Deux terrains parfaitement praticables séparés par une buvette : à première vue, le KFC De Zwaluw Wiemismeer, qui évolue en quatrième provinciale, ne manque de rien. Pour parler du premier club de son fils, situé au beau milieu des bois, Mike a emmené Guy Beliën, ce qui n’est pas une mauvaise chose.

GUYBELIËN : Je n’habitais pas loin d’ici et je les ai même aidés à déménager. Nous sommes toujours restés en contact. A l’époque, je travaillais au RC Genk, où Mike jouait et où Divock allait jouer plus tard.

MIKEORIGI : Si Divock a commencé à jouer ici, c’était uniquement pour des raisons d’ordre pratique. Notre maison, l’école et le club étaient situés dans un rayon de 500 mètres. Lorsque je n’étais pas à la maison parce que je jouais ou qu’il y avait entraînement, ma femme pouvait l’emmener au foot et à l’école à pied. C’était nécessaire car, petit, Divock était hyperactif. Il ne tenait pas en place.

GUY : Il suffisait qu’on lui donne un ballon pour qu’il s’occupe. Il jouait partout, que ce soit sur le terrain ou dans le living.

MIKE : A l’intérieur, on ne le laissait jouer qu’avec un sachet plastique, et uniquement s’il faisait trop froid dehors ou s’il pleuvait.

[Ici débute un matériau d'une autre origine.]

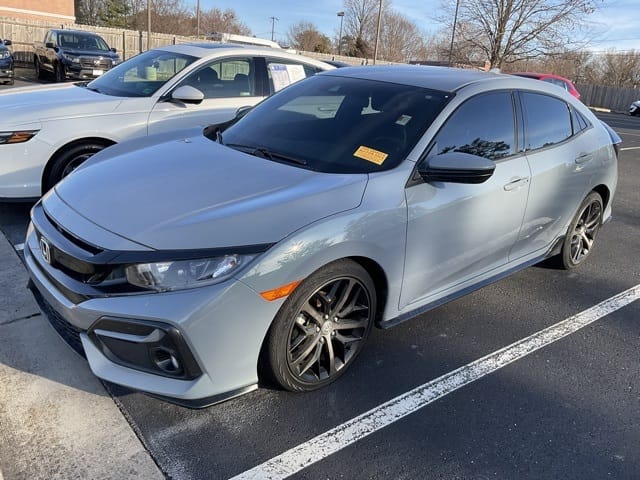 2021 Honda Civic Hatchback Sport's photo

Mais c’est vrai qu’il voulait tout le temps jouer au football. Le ballon était son jouet préféré. Pour lui, il n’existait rien d’autre que le foot. Même à l’école, il y jouait.

GUY : Là, il y avait de la place. A l’époque, il y avait même deux buts et un terrain en herbe. Ici, Divock était largement au-dessus du lot. Il voulait toujours gagner et ne lâchait pas facilement le morceau.

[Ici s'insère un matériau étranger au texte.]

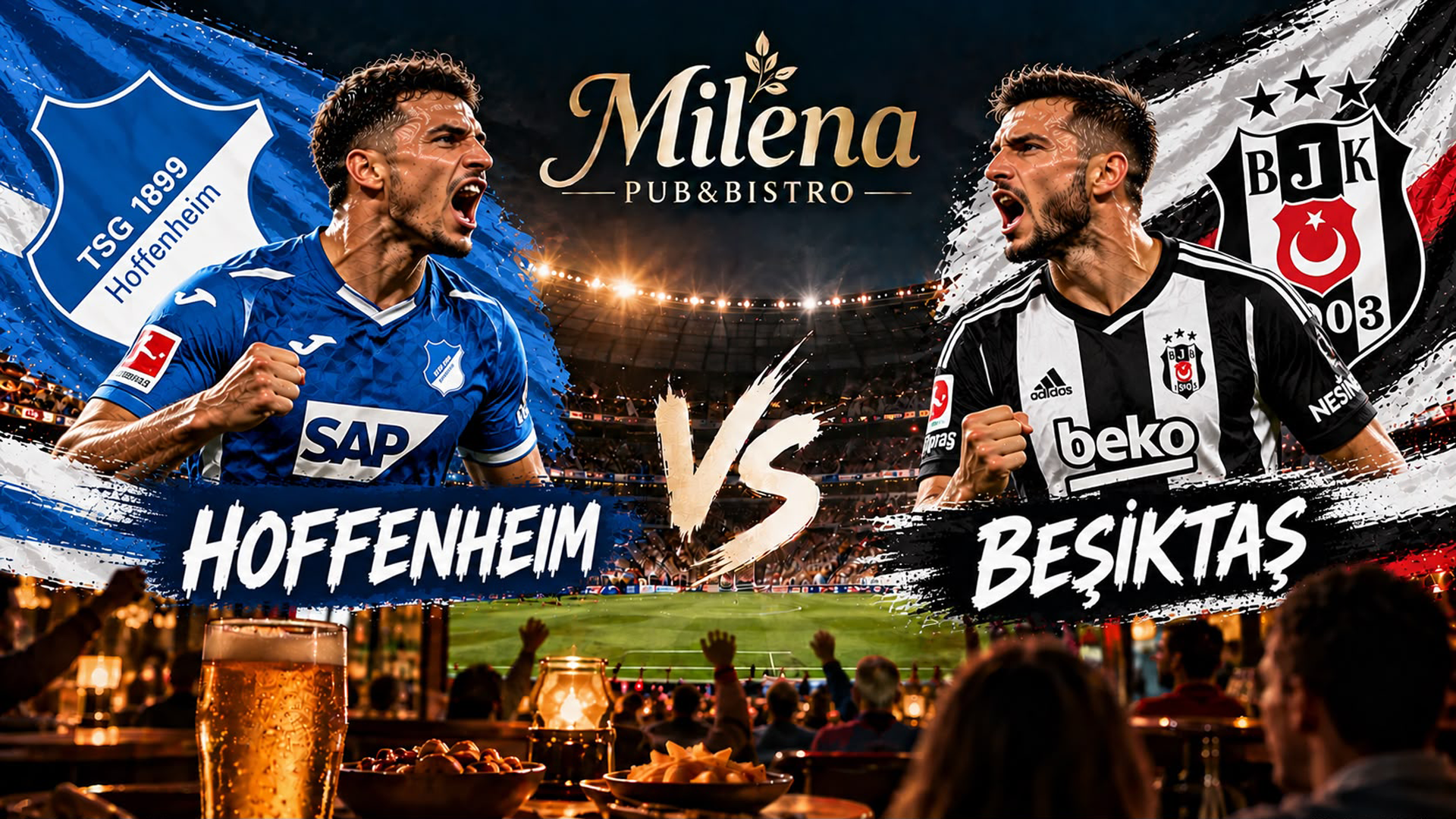 Hoffenheim - Beşiktaş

MIKE : Il prenait le ballon, dribblait et allait marquer tandis que ses équipiers le regardaient. Ce n’était pas bon, il fallait qu’il apprenne à jouer collectivement.

GUY : C’était bien son seul défaut et c’était peut-être dû au fait que c’était trop facile car il était plus grand et meilleur que les autres. Et puis, il se disait que s’il passait le ballon, son équipe allait le perdre.

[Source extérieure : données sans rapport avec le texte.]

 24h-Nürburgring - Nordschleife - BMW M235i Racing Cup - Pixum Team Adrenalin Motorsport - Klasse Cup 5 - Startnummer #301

MIKE : Quand on est petit, on ne se rend pas compte qu’on doit faire des passes et jouer en équipe. Ce qu’il faisait à cet âge était très naturel. Aujourd’hui, en Belgique, les U6 ne jouent d’ailleurs plus à cinq contre cinq car ils ne sont pas mûrs. Maintenant, on joue à deux contre deux.

GUY : A cet âge-là, certains joueurs veulent jouer mais ils sont surtout spectateurs. Divock, lui, savait où se trouvait le but et vers où il devait aller pour mettre le ballon au fond des filets.

MIKE : Sauf que pour son premier match, il s’est trompé de but, il a marqué contre son camp. Il était très content jusqu’à ce que l’entraîneur lui dise : Non, Divock, c’est de l’autre côté ! Depuis, il ne s’est plus jamais trompé (il rit). On voyait tout de suite qu’il savait jouer au football mais à cet-âge, c’est un jeu et c’était comme ça qu’il le ressentait. Le match aussitôt terminé, alors qu’on l’attendait à la buvette, il se remettait à jouer.

GUY : Et je suppose que lorsqu’il rentrait à la maison, il se remettait à jouer.

MIKE : Il n’en avait jamais assez.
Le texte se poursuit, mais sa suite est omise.